– Наверное, – сказал, наконец, что-то Изерли, тоже допил, уронил стаканчик в урну, не поднял глаз. – Нам пора. Семь часов скоро…
– Топка паровозная, – кивнул Тео. – Спасибо за кофе.
– Пожалуйста, – ответила Изобель, – было приятно познакомиться, Тео, мальчик с крыльями, – и было непонятно, злится она или смеется, глаза ее блестели, как у кошки в темноте – золото и черные агаты. А Изерли «до свидания» не сказала; просто помахала рукой и пошла; такая красивая, как голос Сесилии Бартоли; Изерли посмотрел ей вслед, и лицо его было такое отчаянное, будто он играет Шекспира, трагедию; все, занавес упал, антракт, можно пойти в гримерку, отдохнуть, попить чаю или даже выпить, виски, а он никак еще в себя прийти не может; как Орсон Уэллс, не может остановиться; Тео схватил все его сумки и потащил отсюда; ему было бесконечно жаль Изерли. В машине они молчали, Изерли включил радио; играло что-то замечательное – Travis, «One Night». Губы Изерли были бесцветными, будто он замерзал; Тео так хотелось сказать ему, что он никому ничего не скажет – не пафосно так, а по-настоящему, как в фильмах про войну; но Изерли молчал, наверное, перебирает свои чувства, как диски с музыкой – выбирает, что поставить – «Маленькую ночную серенаду» Моцарта или «Karma Killer» Робби Уильямса, взвешивает, как крупу разноцветную, в мешки на зиму – гречку, манку – жемчуг и песок.

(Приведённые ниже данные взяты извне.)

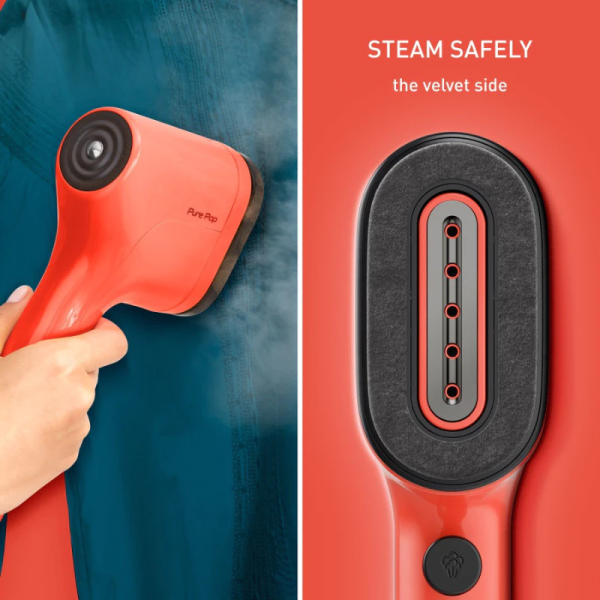 TEFAL Pure Pop Handheld Garment Steamer DT2022 (Coral Red) | Stylish On The Go - Image 5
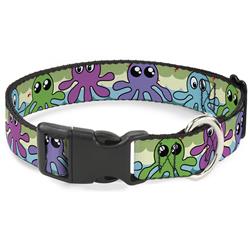 Plastic Clip Collar - Octopus Cartoon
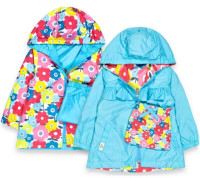 Girls Reversible Rain Coat with Shoulder Bag, High Quality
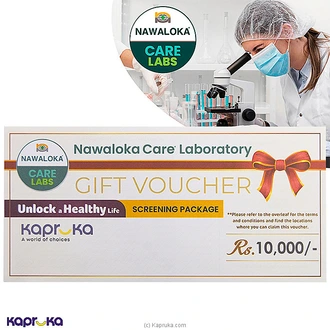 Nawaloka Healthcare Test Gift Voucher - Rs.10,000  Online for none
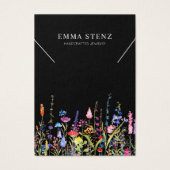 ネックレスディスプレイカード・カラフルワイルドフラワーロゴ (正面)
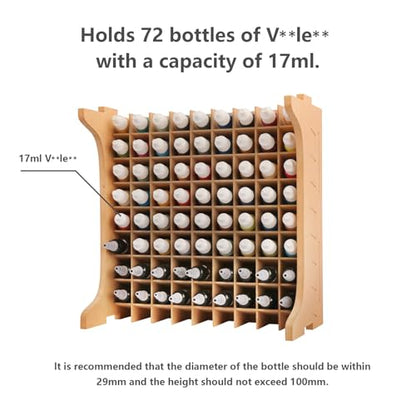 Large Capacity Plastic Model Tool Storage Paint Rack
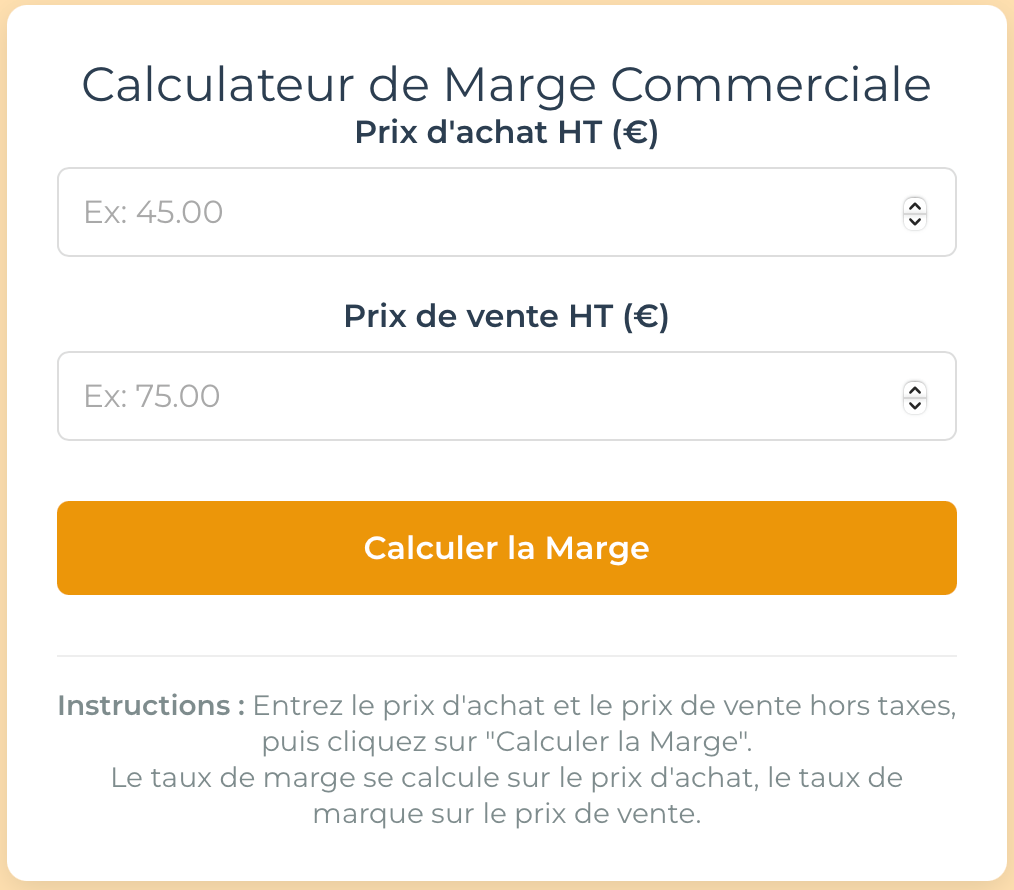 calculateur marge commerciale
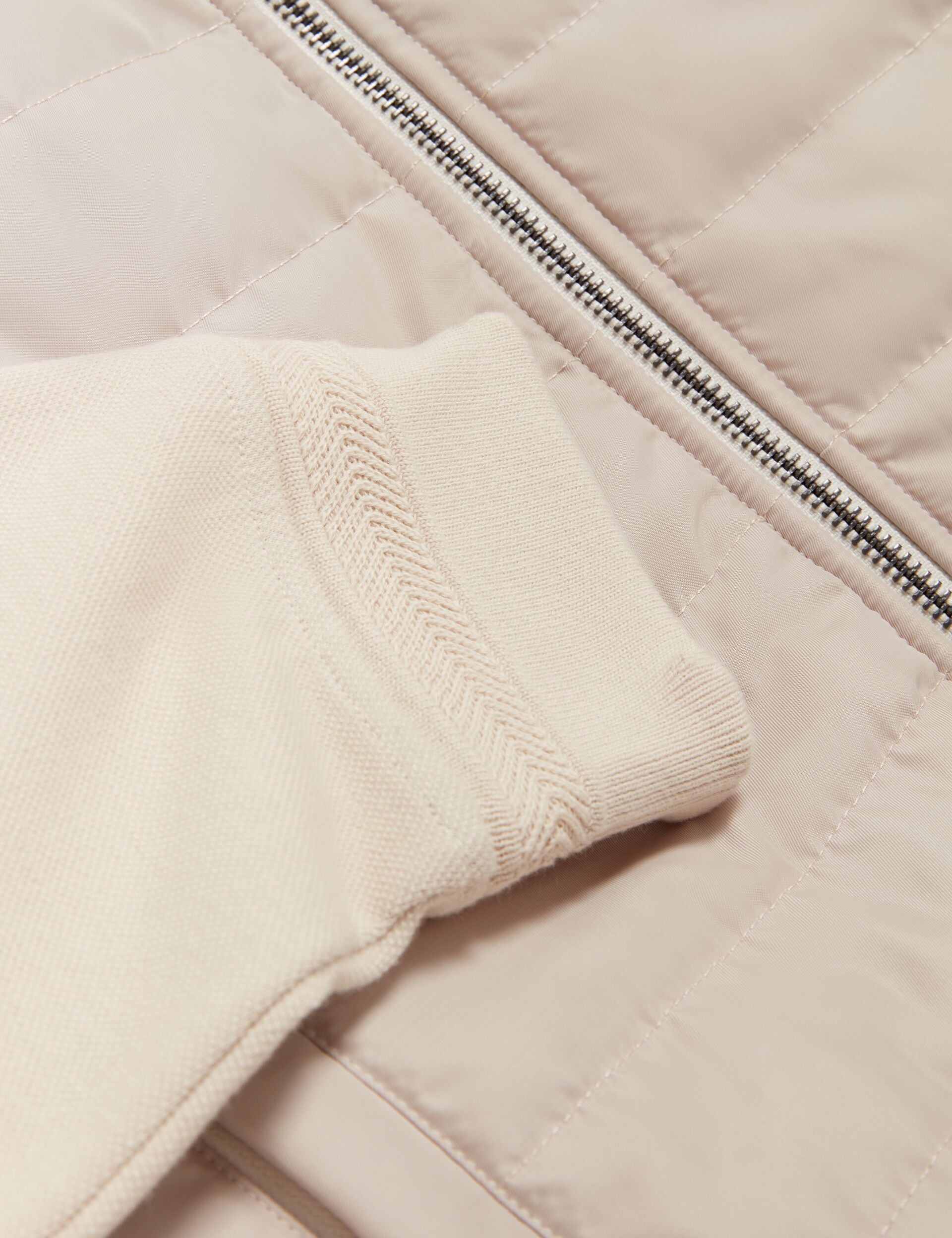 Men|Sale DURANO Quilted Front Zip-Through Knit Jacket - Ted Baker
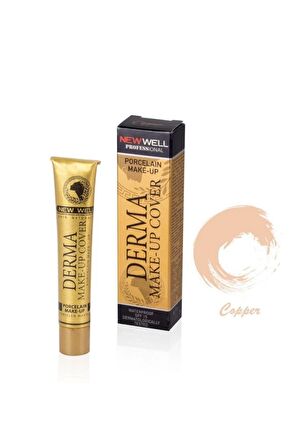 New Well Derma Make-up Cover Porselen Kapatıcı Fond.COPPER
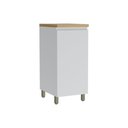 Ver imagem 1 de Módulo Cozinha Nesher Rainha Balcão C/ Tampo C/ 1 Porta 40cm Branca/nature - Nesher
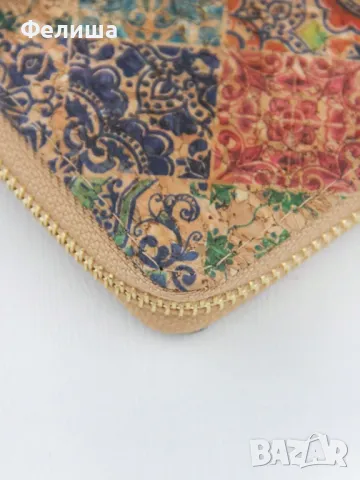 	Дамски Портфейл Винтидж Ретро Стил със Златен Цип, снимка 3 - Портфейли, портмонета - 50206976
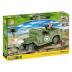 Stavebnice COBI 2368 II World War Obrněné vozidlo M3 Scout Car/330 kostek+2 figurky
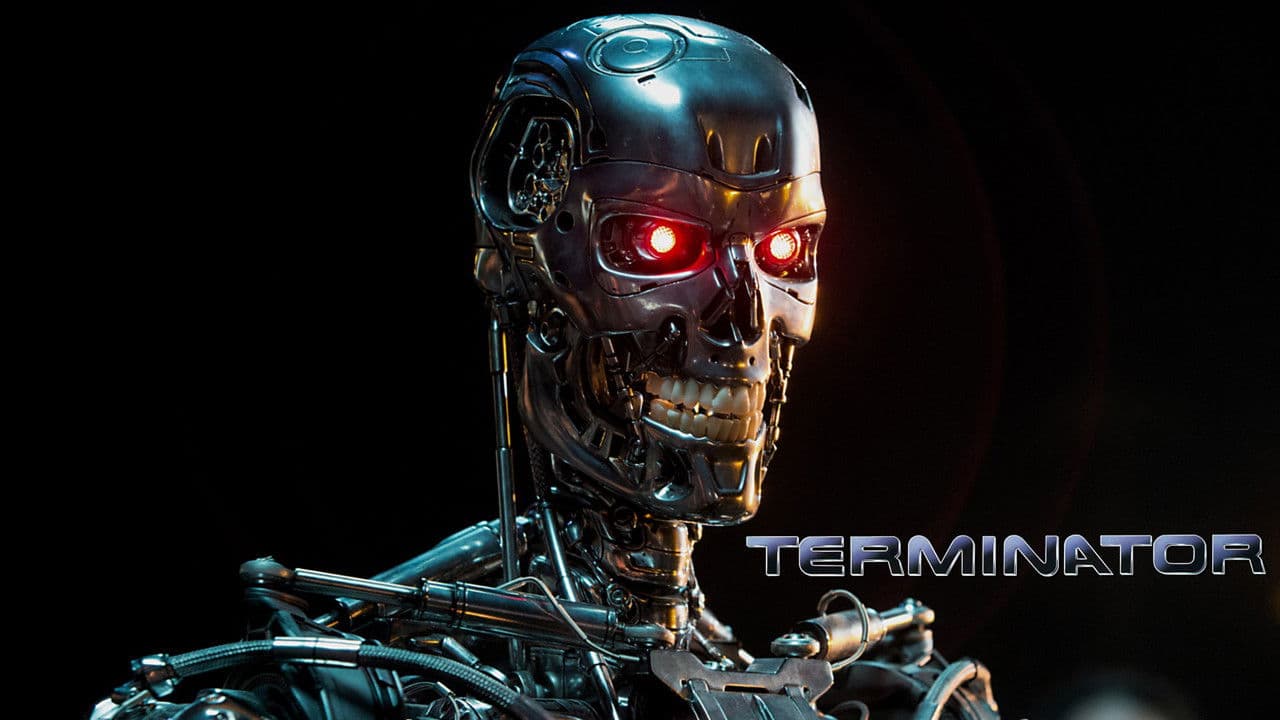 The Terminator — backdrops with title 6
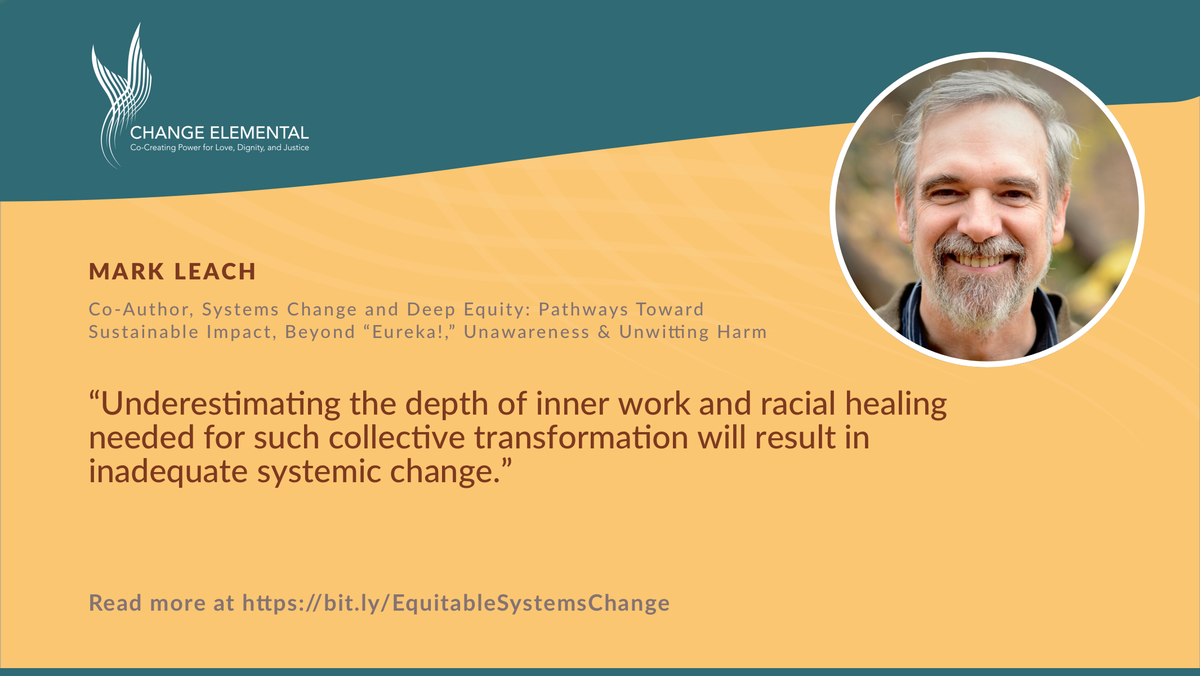 cocreatingpower's tweet photo. Join us in co-creating love, healing, and equitable systems transformation. New monograph offers powerful and necessary ideas about how to center deep equity in systems change efforts →  https://t.co/fGXF2FPspN 

#EquitableSystemsChange #BeyondEureka https://t.co/isPRGP9zdD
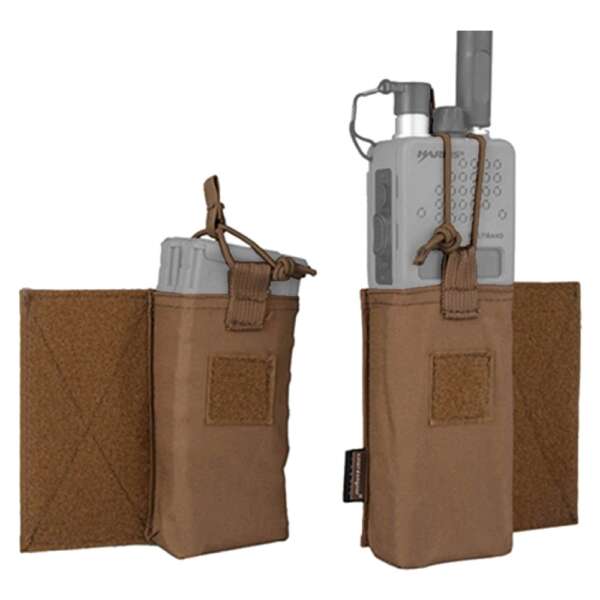 EMERSONGEAR SET 2 TASCHE PORTA RADIO/CARICATORE COYOTE BROWN (EM8333CB) - immagine 2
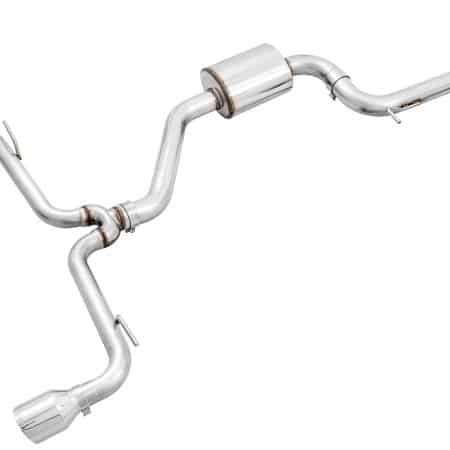 AWE Tuning 2.0T Touring Edition Exhaust w/Chrome Silver Tips 102mm for MK7.5  Volkswagen GTI
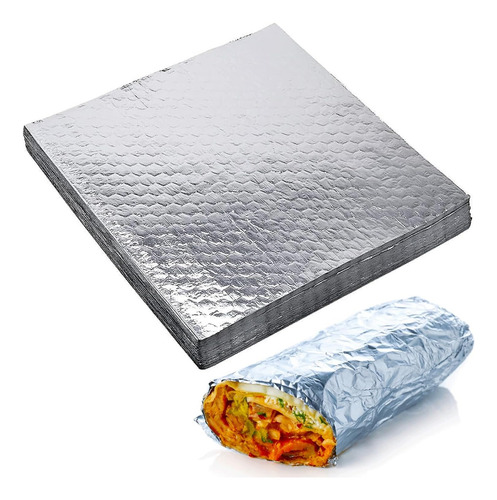 Papel Aluminio Antigrasa Para Hamburguesas 31x38 Cm (100 Unidades) 1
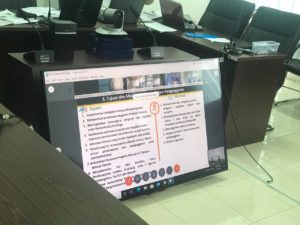 Rapat Virtual dalam Rangka Penyusunan Pagu Anggara T.A. 2021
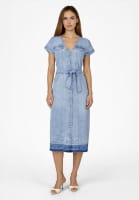Mid-length denim dress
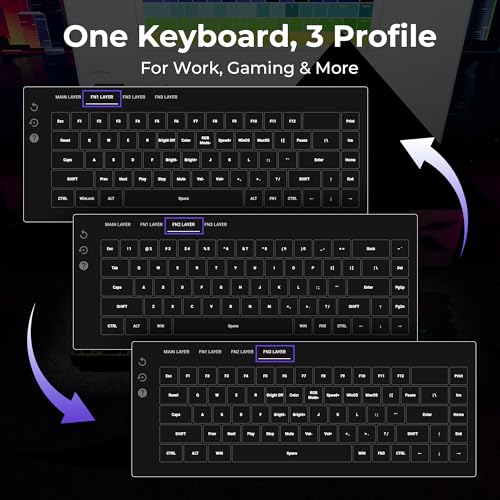 Clavier à effet Hall XVX HE68 Max pour éliminer la latence sur PC avec le Rapid Trigger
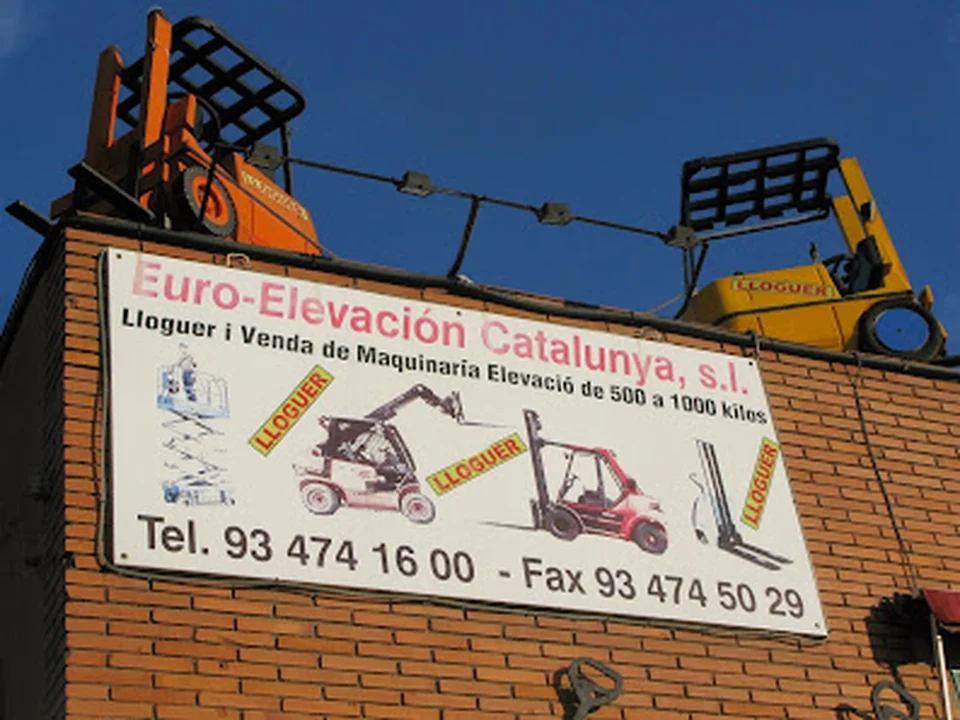 Euroelevació Catalunya – Maquinària d'elevació entre 500 i 1.000 kg
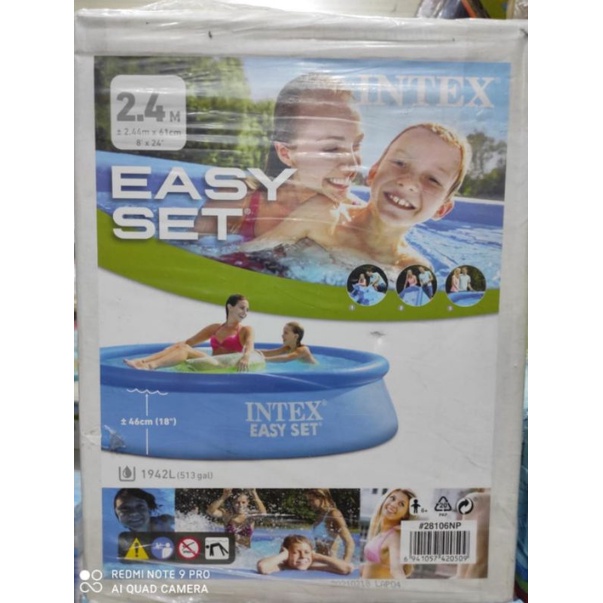 kolam renang anak merk intex tiup atas tanpa filter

Тео закурил, опустил стекло; и так ничего и не сказал Изерли; задремал; день был пасмурный, но как-то необыкновенно – не слякотный, хмурый, а будто серебряный день; и иногда сквозь серый шелк туч прорывался свет; будто лезвие ножниц, будто тучи и вправду шелковые, и шелк этот отмеряют в магазине на платье. Тео думал о том, что отречение от своих чувств – это тоже предательство; она нравится Изерли; но он не знает, что такое любовь, и поэтому не берет, не ест, как незнакомую пищу; а узнают ли они с Дэмьеном свою любовь? Наверное, нет. Их сердца не изранены; они в крепости, в домике с самого детства; в башне из слоновой кости; в Темной Башне; влюблены в себя, как Нарцисс.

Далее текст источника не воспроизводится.